Я кивнула. Художник снял с полки разрисованный иероглифами фарфоровый чайник и высыпал в него немного серо-зеленых комочков из бумажного пакета. Пару минут он молча стоял, дожидаясь, пока чайник закипит. Потом сел, поставив перед собой оба чайника – и заварной, и тот, что с кипятком.
– Нужно теперь чуть-чуть подождать. Пусть слегка остынет. Только потом можно заваривать. Хорошо?
– Я же сказала, что ничего в чайных церемониях не понимаю. Буду у вас учиться.
– Я родился таким уродом, – произнес он внезапно безо всяких предисловий. – Я был уродом уже в утробе матери. Я был запланирован уродом еще в миг зачатия.
Я попыталась протестовать, но художник жестом остановил меня.
– Мой отец оставил маму, едва она вернулась из роддома. Он был дагестанец, а после развала Союза внезапно вспомнил, что он мусульманин. Но это было потом. А тогда он был просто мерзавец. Я не желаю называть его имя. Я много раз спрашивал мать, зачем она вышла замуж за этого человека.
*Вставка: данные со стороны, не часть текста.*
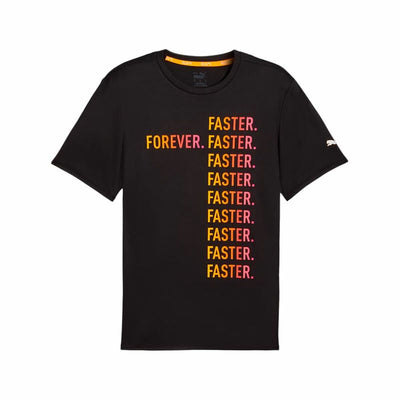 T-Shirt de Desporto de Manga Curta Puma Run Favorites Forever Faster M
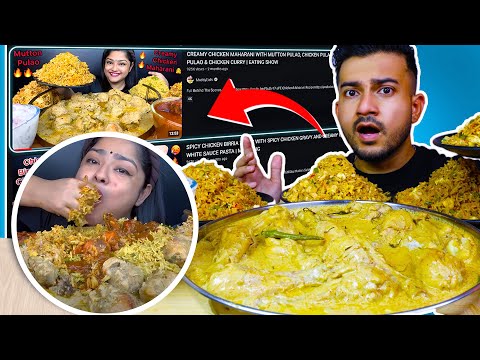 MADDY EATS KI ONE TIME MEAL 🥵 Maine Try Kiya Maddy Ke Ek Time Ka Khana 😱 @MaddyEats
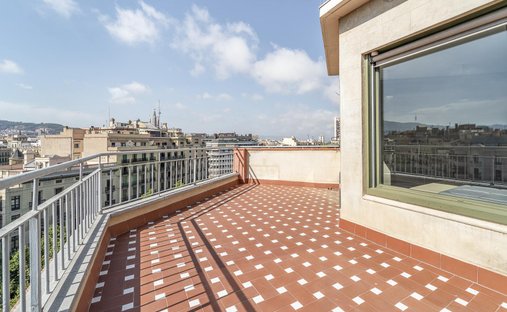 Penthouse en Eixample, Barcelona, España 1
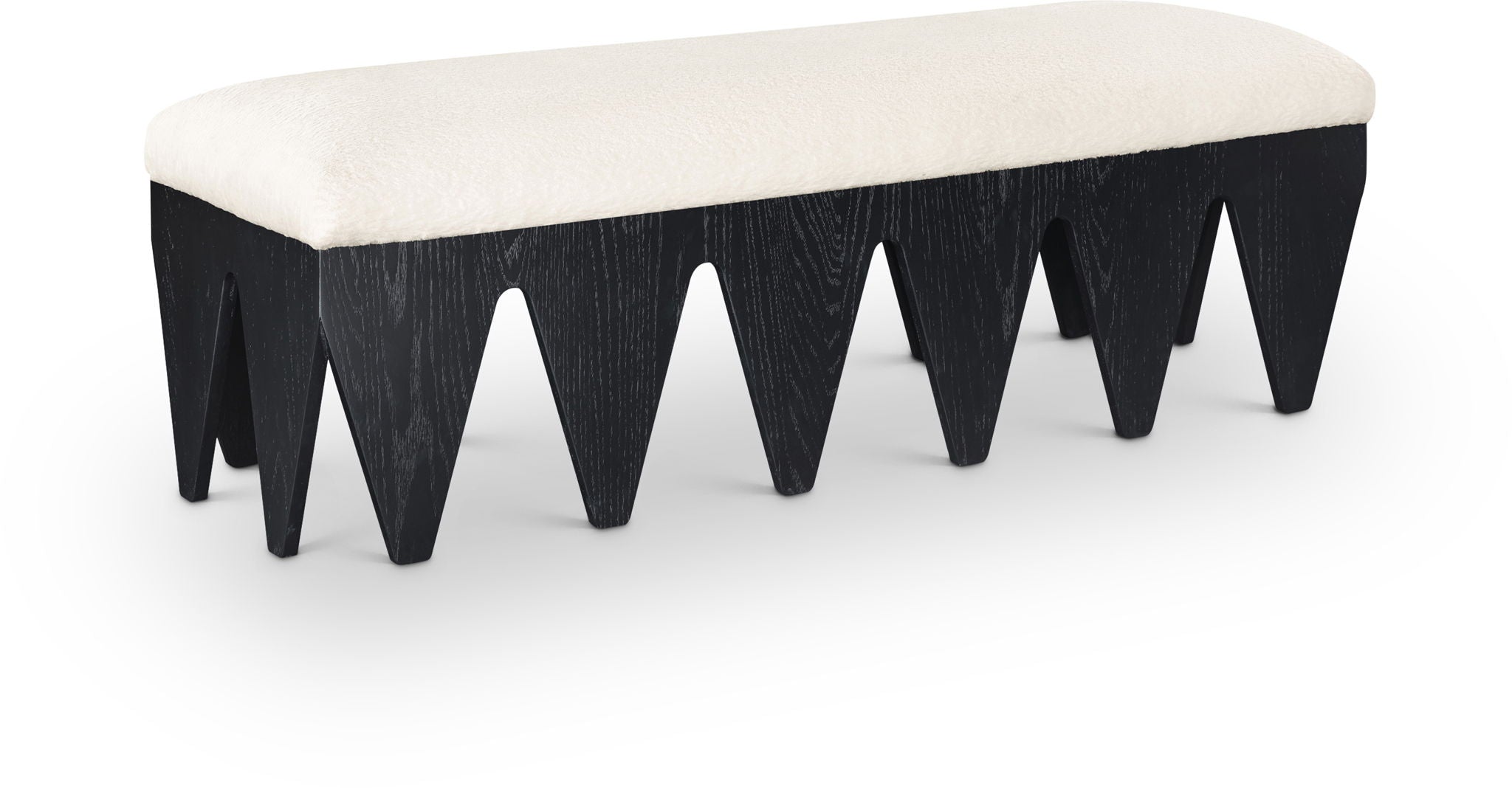Altair - Bench - Black Base - Urban Living Furniture (Los Angeles, CA)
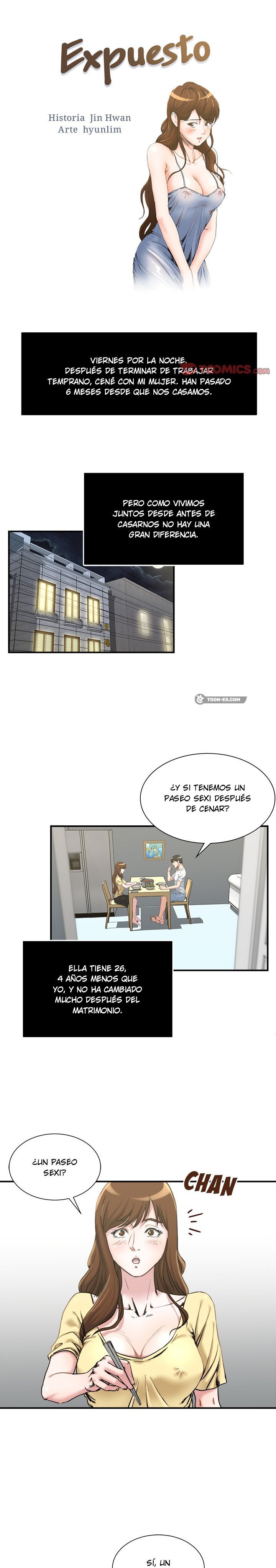 Expuesto Capítulo 1 - Página 1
Он не мог испортиться в один день, в день моего рождения. Как можно было не увидеть, с кем ты делаешь ребенка? Я знаю, что это жестокий вопрос, но я имел право его задать. Мать не дала мне ответа. Она была единственным, поздним ребенком, и, кроме меня, на ней оставались двое стариков – ее родители. Мы жили не просто бедно – мы жили в нищете. Меня признали олигофреном, и я не буду рассказывать тебе, как и чему меня учили в школе-интернате для дебилов. Спасибо матери за то, что она забрала меня оттуда.
На несколько минут художник прервался. Он заварил чай и разлил бледно-зеленый напиток в две чашки. Я попробовала – действительно, я никогда до этого не пробовала зеленый чай с таким тонким изысканным ароматом.
– Мы жили на Кавказе, в городе Кисловодске, – продолжил Вова. – Отец ни разу не приехал, ни разу не прислал ни копейки денег. Вначале умерла от рака бабушка. До этого она пролежала без малого год. Я ухаживал за ней, как мог ухаживать восьмилетний больной ребенок. Мама работала на две ставки. Она была учительницей истории. После бабушки слег дед. Но перед тем, как слечь, он сошел с ума. Это называется «старческое слабоумие». Мы даже рады были, когда он слег, так как те полгода, что он передвигался по дому, он мог устроить поджог или, наоборот, залить все водой. Ему, я прошу прощения, очень нравилось обмакивать палец в говно и рисовать на стене каракули.
Я поставила на столик свою чашку. Честно говоря, это не было жестом. Слово «говно», да и образы, связанные с ним, никак не мешали мне во время застолья. Но художник Вова принял это на свой счет.
– Извини! Я не подумал!..
– Нет-нет! – успокоила я его. – Просто устала чашку в руке держать. Продолжайте, пожалуйста!
– Дед долго лежал. Нам с мамой казалось, что это будет продолжаться вечно. Когда дед умер, мне было уже восемнадцать лет. Через два года не стало мамы. Как и у бабушки, у нее был рак груди. Еще два года я жил на одну пенсию. Учился рисовать. Много денег уходило на краски, холсты, деревянные доски и лак. У меня был очень хороший учитель. Он преподавал в кружке для детей. У нас было в городе несколько бесплатных кружков. И он, Аркадий Иванович, вел такой кружок. Постоянно к нему ходил только я. Другие дети походят-походят и перестанут. А мне просто некуда было больше ходить. Еще я ходил в церковь. Я знал, что никому в этой жизни не нужен.